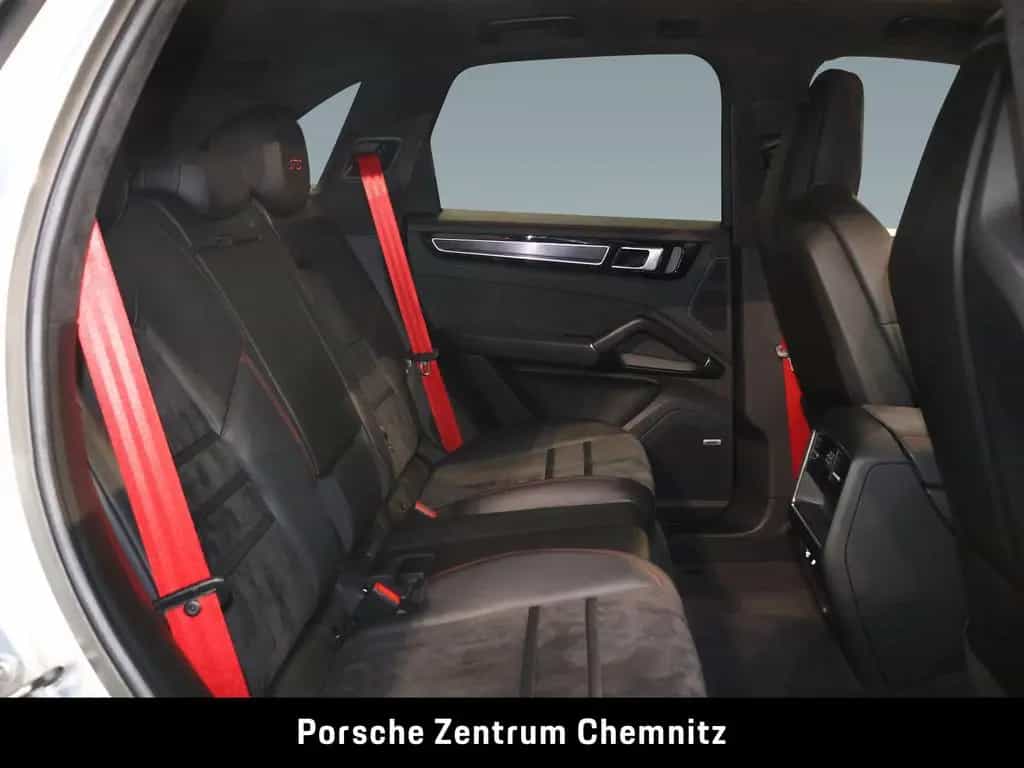 Porsche Cayenne GTS Head-Up;BOSE;Pano;ACC 04/2022-photo-7
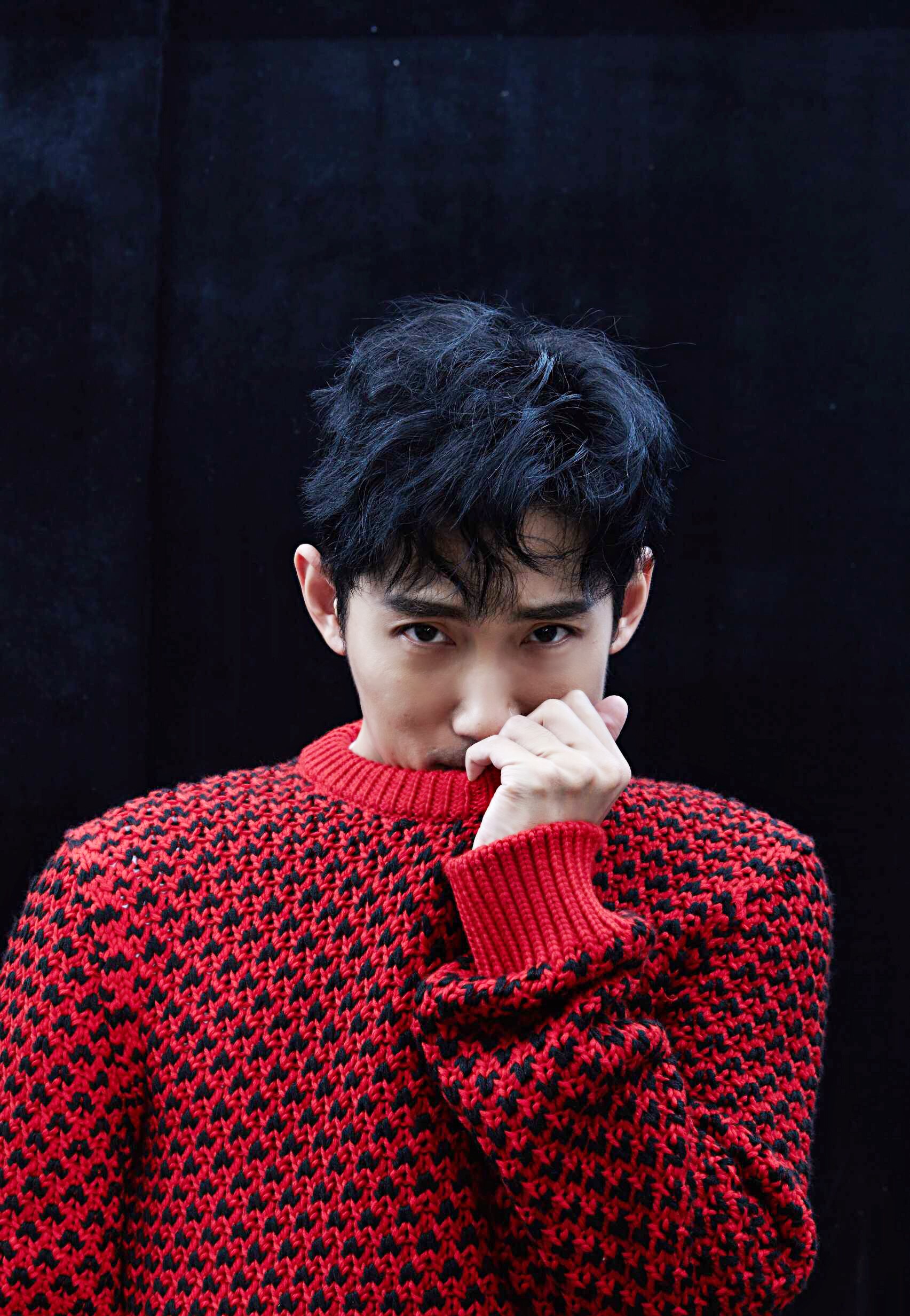  p data-id="gnx60w039n">陈牧扬 i>(原名陈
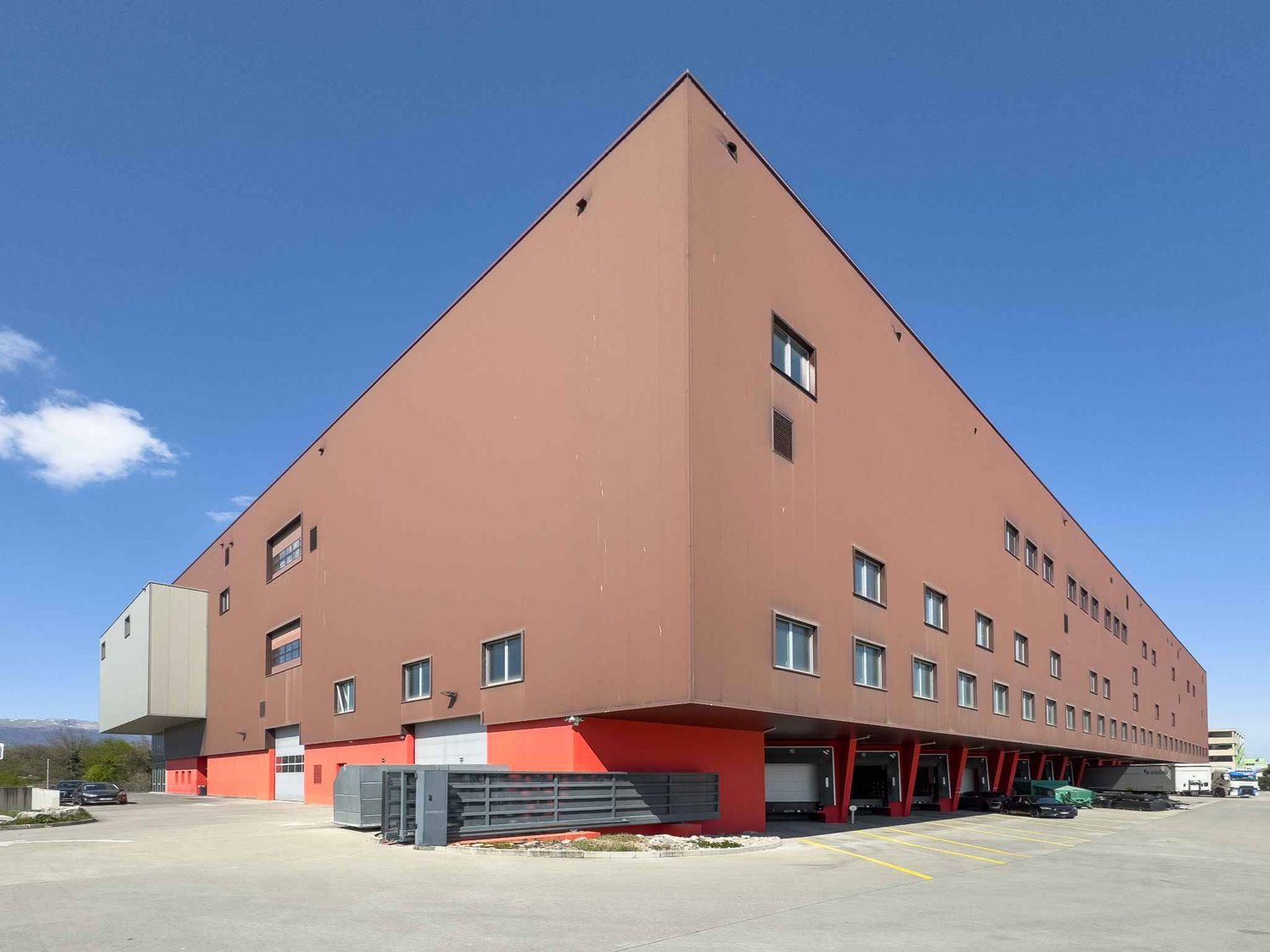 2157m² commerciale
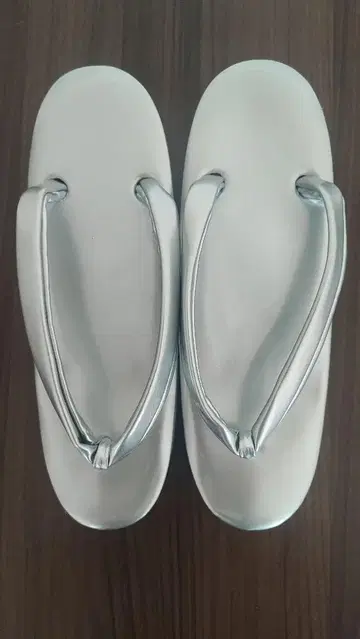 은색 조리 L 사이즈 23cm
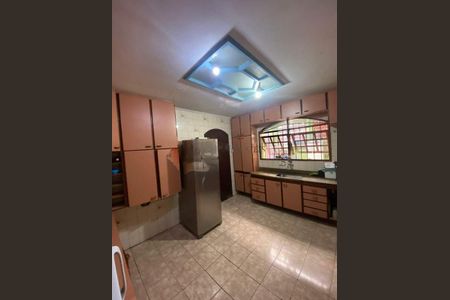 Casa à venda com 4 quartos, 217m² em Vila Nogueira, Diadema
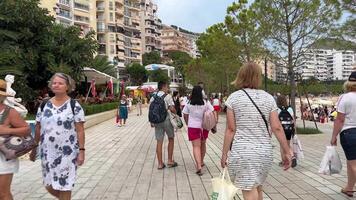 Albânia central rua saranta aterro carros pessoas turistas vida dentro cidade do hotéis de praia do ioniano mar notícia real vida histórias Viajantes período de férias em de praia viagem para mar Albânia saranta 09.09.2023 video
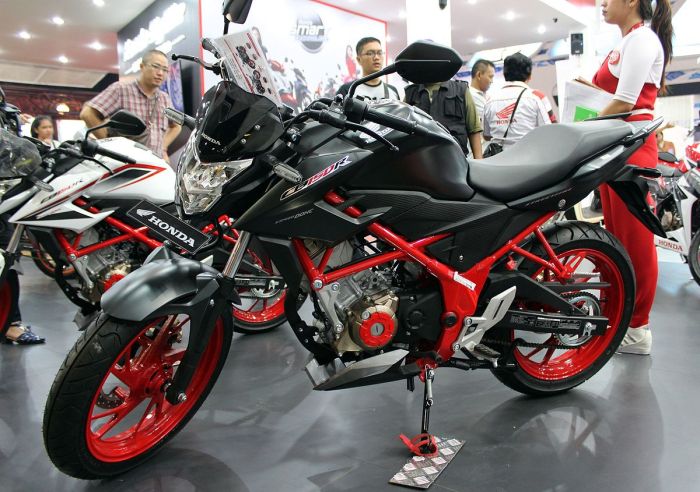 Honda cb150r cb 150r 150ss india thailand concept spotted scoopy testing fuel tank exclusive read also Honda cb150r cb 150r 150ss india thailand concept spotted scoopy testing fuel tank exclusive read also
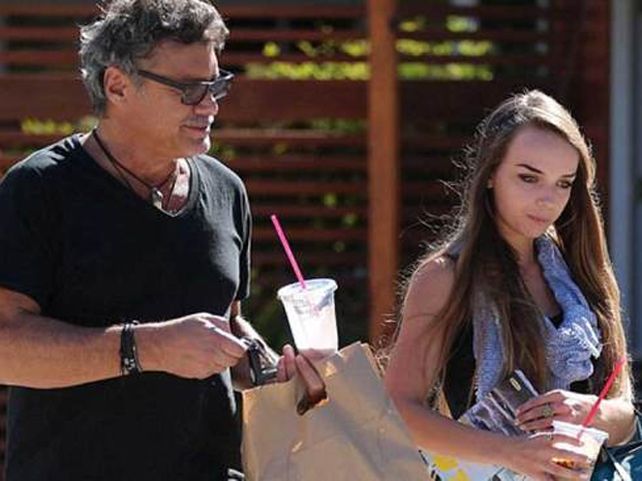 El ex de Melanie Griffith está de novio con una de 18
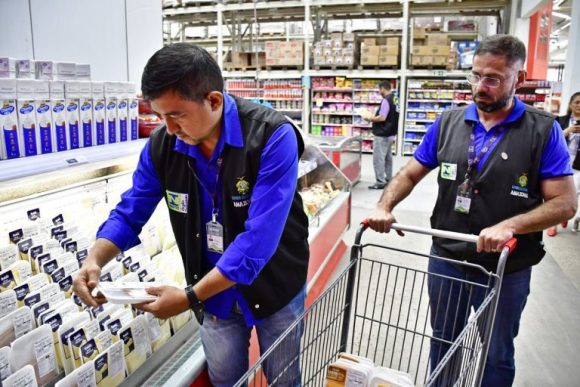 Ipem-AM fecha ‘Mês do Consumidor’ com mais de 10,2 mil itens verificados em Manaus e Região Metropolitana - IPEM 4 768x512 1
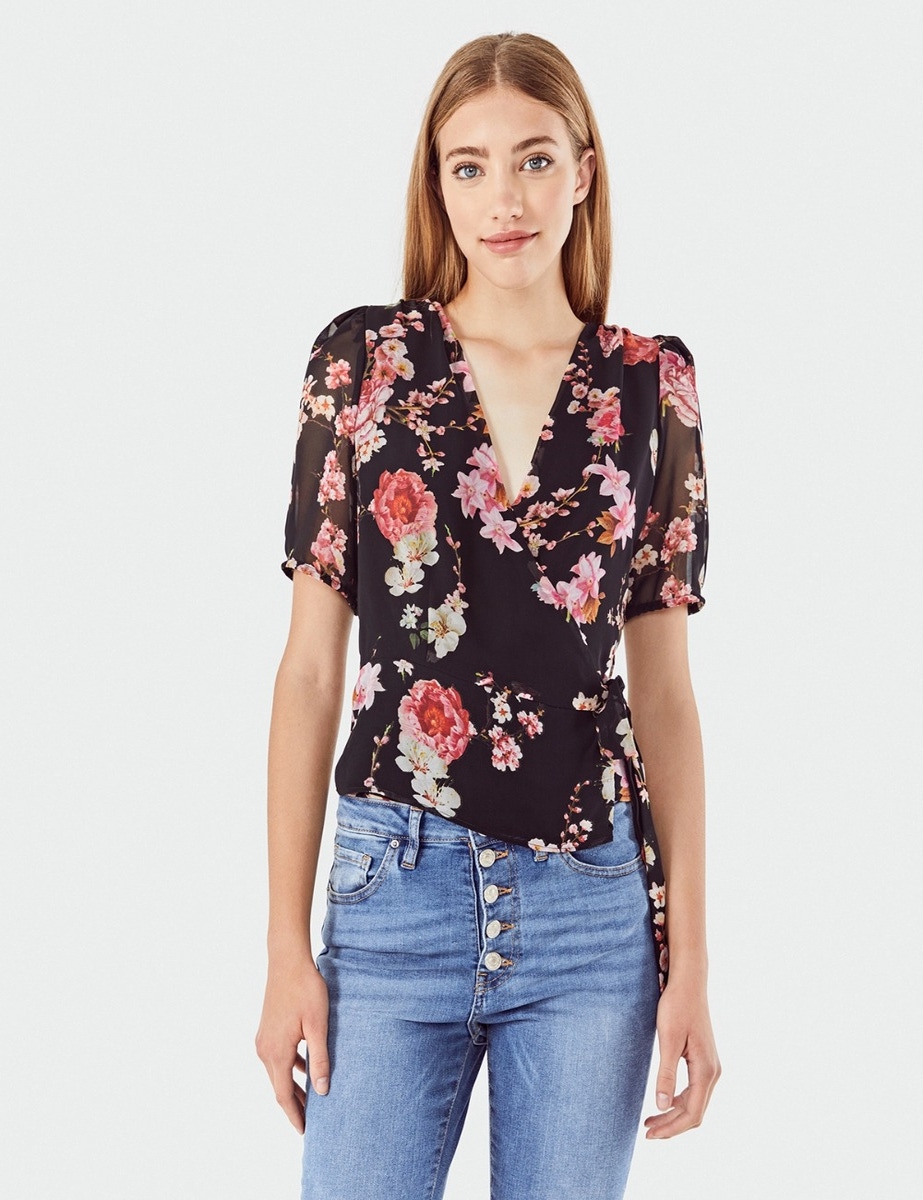 BLUSA FLOWERS LOVE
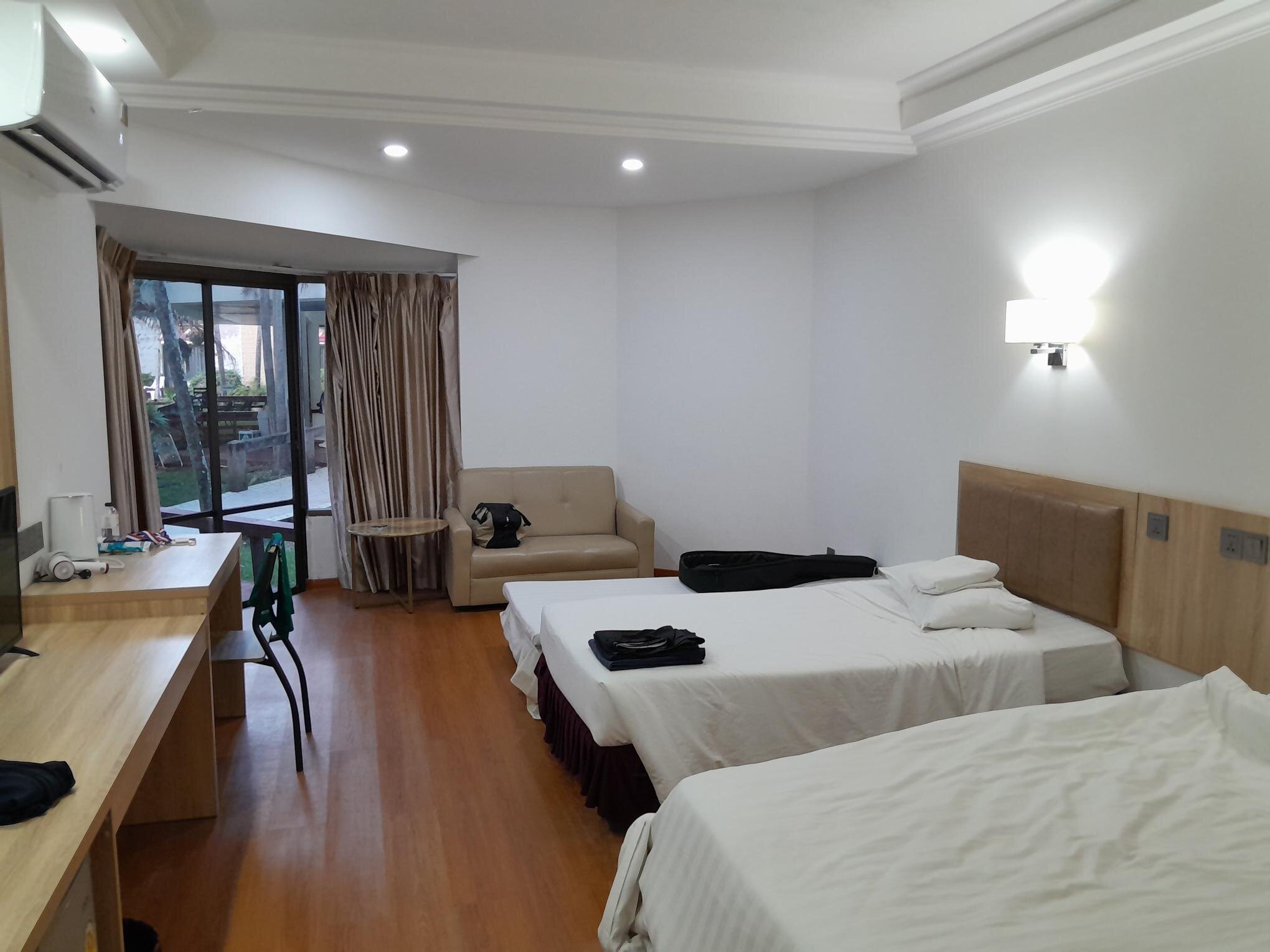 棕榈树海滩酒店-客卧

» **Work to be completed**: The answer should consist solely of the lines from the one containing "El ex de Melanie" through the last line of the material, copied exactly, with pictures left out.

» **Written answer**:
 El ex de Melanie Griffith está de novio con una de 18
 Ipem-AM fecha ‘Mês do Consumidor’ com mais de 10,2 mil itens verificados em Manaus e Região Metropolitana - IPEM 4 768x512 1
 BLUSA FLOWERS LOVE
 棕榈树海滩酒店-客卧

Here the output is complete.